* PROMPT *
Render every line of the data exactly as written, and leave out the pictures.

* INFORMATION SHOWN *
'''
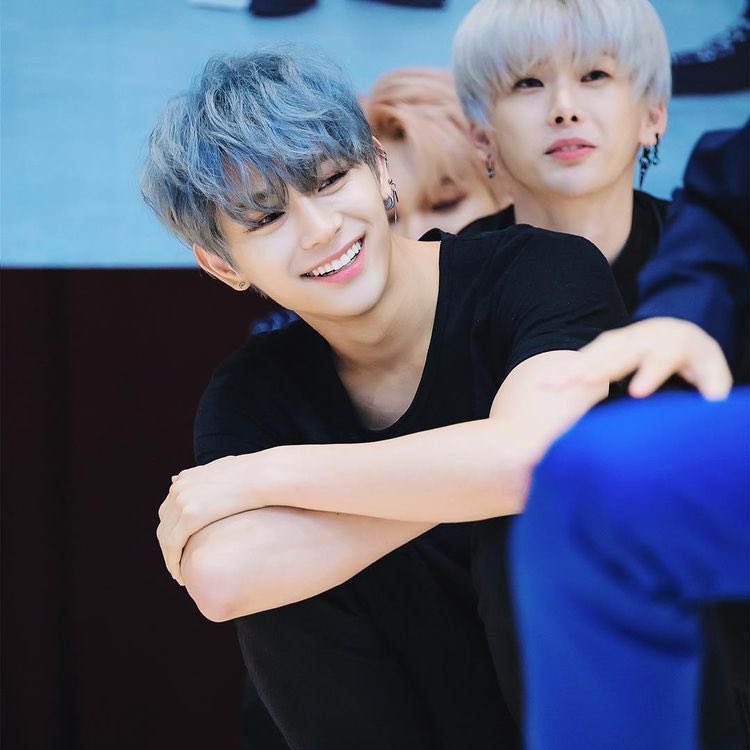 moon_ichigo's tweet photo. 보고 싶어 #OOON #HALO https://t.co/LUsBaHhi9N
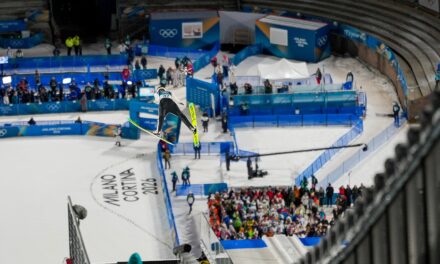 Anna Odine Strøm double la mise sur grand tremplin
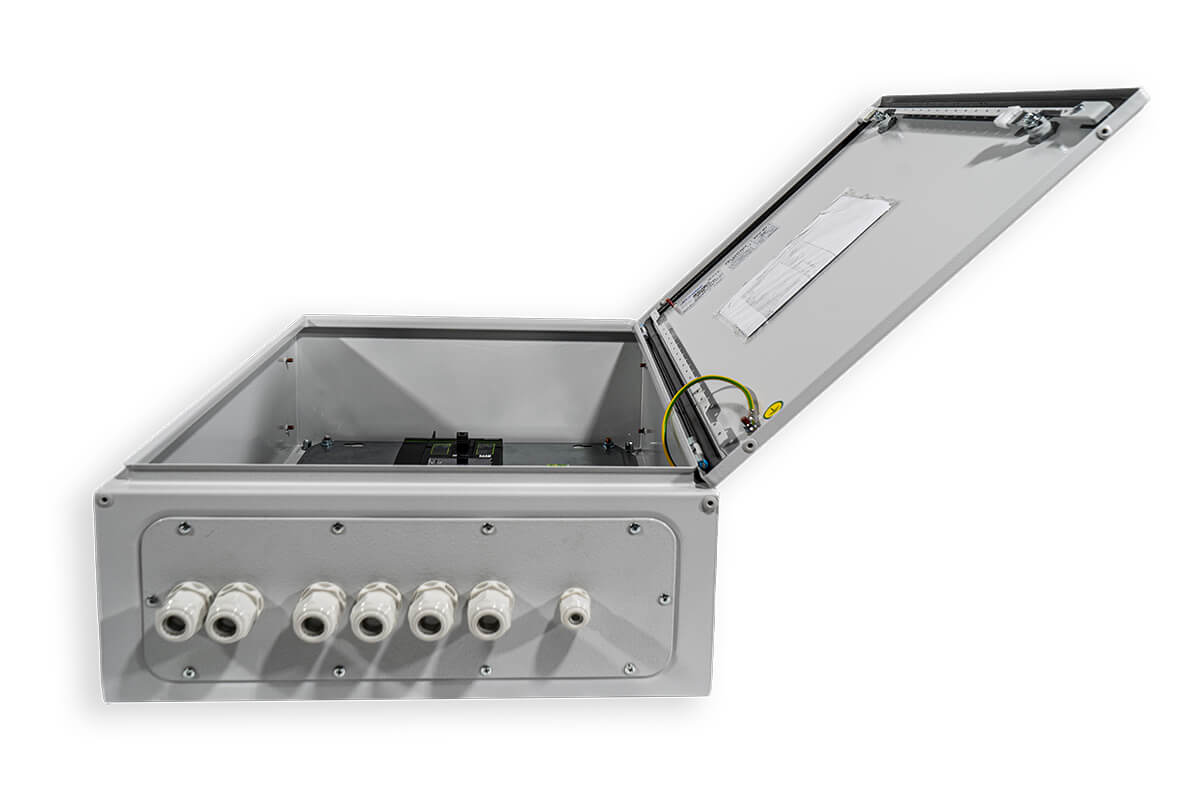 Combiner box pro 2 bateriové racky Pylontech M1C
'''
* TASK SOLUTION *
 moon_ichigo's tweet photo. 보고 싶어 #OOON #HALO https://t.co/LUsBaHhi9N
 Anna Odine Strøm double la mise sur grand tremplin
 Combiner box pro 2 bateriové racky Pylontech M1C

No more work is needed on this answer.